A pair of scientists say they’ve figured out how to make the smell equivalent of “white noise.” They’ve written the equations. Now what’s left is to make a device that’s able to cancel out everything from onions to locker-room musk, although it’s unclear whether such a machine will ever be made.
“Olfactory white” works differently from baking soda or water filters. Those use sodium bicarbonate and carbon to absorb odors. Olfactory white also works differently from Febreeze. At least according to About.com’s description, the popular household spray eliminates odors by reacting with smelly molecules and turning them into inert compounds. No, the idea behind olfactory white is that you release additional molecules into the air so that when people sniff all those molecules at once—the original smell, plus the olfactory-white-creating-smell—their brains perceive it as no smell. (Or at least something not unpleasant.)

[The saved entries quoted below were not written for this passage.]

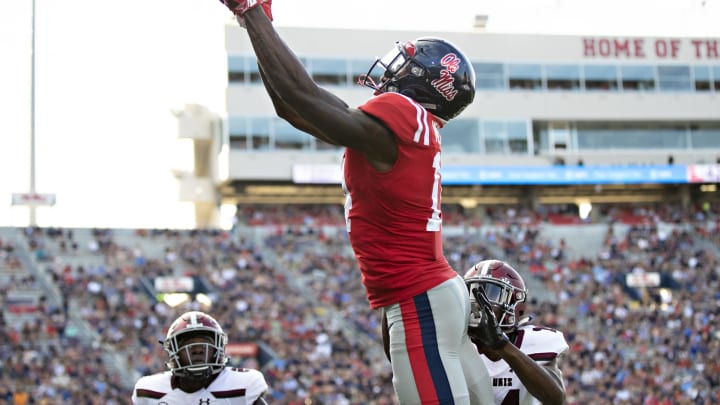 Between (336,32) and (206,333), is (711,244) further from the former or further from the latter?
(206,333)

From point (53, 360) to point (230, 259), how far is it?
625cm

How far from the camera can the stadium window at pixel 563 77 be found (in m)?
35.4

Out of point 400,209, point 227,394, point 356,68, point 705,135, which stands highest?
point 356,68

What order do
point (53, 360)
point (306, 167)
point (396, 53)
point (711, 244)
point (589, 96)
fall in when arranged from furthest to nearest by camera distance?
point (589, 96), point (306, 167), point (711, 244), point (53, 360), point (396, 53)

Olfactory white is supposed to be analogous to white noise, which sends out sound waves to cancel noises, and white light, in which colored lights combine to make white. The scientists who worked on this latest iteration of olfactory white aren’t the first to come up with the idea. Neurologist Noam Sobel of the Weizmann Institute of Science in Israel pioneered it, but hasn’t yet come up with a working machine, New Scientist reports.
Theoretically, canceling smells with smells should work because human perception of smell is synthetic, not analytic. That means that when human brains encounter multiple odors, they don’t perceive them as a weighted mix. So it’s not like, “Oh hey, this is 50 percent dairy compounds, plus 48 percent mild squash, plus two percent tree bark.” Instead, human brains mush everything together: Smells like pumpkin pie!
Other scientists have performed a few studies asking people to describe the smells of pure molecules, such as tolualdehyde (“fragrant,” “almond,” “sweet”) and valeric acid (“rancid,” “sweaty,” “putrid”). To create their equations, mathematician Kush Varshney and engineering professor Lav Varshney, who are brothers, made a map linking those descriptions and the molecules’ chemical structures. Then they fed their map into a computer program that learns from examples. That computer program theoretically should be able to come up with descriptors for novel smells that weren’t part of its training data.
From there, the Varshneys wrote an equation that comes up with a mix of molecules that, when added to a smell, should minimize the bad descriptors people would apply to that smell. For example, the brothers identified a few compounds that would help cancel the unpleasant odors of durian, dried bonito flakes, onion, and sauerkraut. (For the record, I find three of those four foods delicious.) Among the cancelling molecules are (+)-cyclosativene, which gives lettuce and cabbage their green smell, and (E,E,Z)-1,3,5,8-undecatetraene, which smells like pineapple.
A machine engineered to recognize and cancel out odors could bring peace to workplace lunchrooms, the researchers wrote in the paper they posted to the arXiv database. The researchers also imagined using their equations to come up with additives that take away disliked flavors in healthy foods.
It’s debatable whether such inventions would be worth developing, but we’re totally fascinated with the idea. Do your kids resent it when you add cauliflower to their macaroni and cheese? An olfactory-white additive may cancel out the flavor of the veggie, while keeping in the delectable cheddar and mac. Or how about a spinach salad that tastes only of the bacon bits?